I'm trying to make a transmittal application which will take file names and turn them into a csv record of documents issued. Currently the python calls for all the file names in a given folder, creates a list, and splits the file name into document number, revision and title.
Currently I have been able to get the python to scrape the file names, create a list of this information and then split them to create a new list of separate data, i.e. documentnumber,revision,title.pdf to [document number, Revision , Title].
def getFiles():
i = 0
path = input("Paste in path for outgoing folder: ")

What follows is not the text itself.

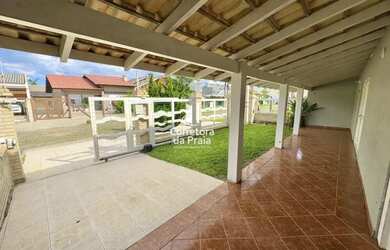 Imagem 5: Casa para Venda em Tramandaí, Barra, 6 dormitórios, 2 suítes, 5 banheiros,...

numTitleRev = os.listdir(path)
issueRec = []
fileData = []
totalList = len(numTitleRev)
listNumber = str(totalList)
print('\n' + "The total amount of documents in this folder is: " + listNumber + '\n')
csvOutput = []
while i < totalList:
for item in numTitleRev:
fileSplit = item.split(',', 2)
fileTitle = fileSplit.pop(2)
fileRev = fileSplit.pop(1)
fileNum = fileSplit.pop(0)
csvOutput.append([fileNum,fileRev,fileTitle])
with open('output.csv', 'a') as writeCSV:
writer = csv.writer(writeCSV)
for row in csvOutput:
writer.writerow(row)
i += 1
writeCSV.close()
print("Writing complete")
The output I'm looking for is like so:
Number - Revision - Title
File1 - 01 - Title 1
File2 - 03 - Title 2 etc.
The code above is the process of spliting the list and it's records by ',' which is how the file names are stored in the folder.
The issue I think I have with the code below is that csvOutput is only sending the one result to the CSV, the last result of the string.
Then this is being printed in the csv for the total number of files in the folder, rather than split list record one, send to csv repeat with record two.
The problem is I can't think of how I would store this information as variables when the total amount of files is not constant.
Any help would be most appreciated.
The main issue is the nested while/for
loop. I restructured the code a bit to make it testable locally (and runnable by just copy/pasting). That should also give you an idea of how to structure code to make it easier to ask for help.
I added a lot of comments explaining the changes I made.
import csv
# This part has ben extracted from the main logic, to make the code runnable
# with sample data (see main() below)
def getFiles():
path = input("Paste in path for outgoing folder: ")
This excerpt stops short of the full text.